Fatigue behavior and life predictions of thermally oxidized Ti6Al4V alloy according to oxidation parameters

Abstract

Thermal oxidation is a surface treatment thought to improve the wear behavior of Ti alloys. However, oxidation can impact adversely the fatigue behavior of the alloys. Thermal oxidation of the Ti-6Al-4V alloy was performed under uncontrolled furnace atmosphere, at 600 °C, for 5 h and 10 h, and at 700 °C, for 15 h. Microstructure analysis was performed and no significant changes were observed in the microstructure of the oxidized alloys, except for the diffusion zone formation.
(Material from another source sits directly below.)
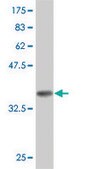 Monoclonal Anti-GSTZ1 antibody produced in mouse clone 1G12, purified immunoglobulin, buffered aqueous solution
XRD analysis denoted rutile peaks (TiO2) in the oxidized alloys. Roughness increased due to oxidation time and temperature, whereas layer thickness was influenced mainly by temperature. The influence of oxidation parameters on fatigue behavior was tested and fracture micromechanisms were analyzed. Fatigue endurance limit after oxidation at 600 °C, for 5 and 10 h; and at 700 °C, for 15 h decreased by 27%, 29% and 68%, respectively, in comparison to the untreated alloy. Premature cracks in the oxide layer encouraged fatigue nucleation, and the premature crack formation explains the diminished fatigue performance of the oxidized alloys. Fatigue endurance limit was assessed through the Murakami’s model, and a fatigue life model was established, which agree with the experimental results.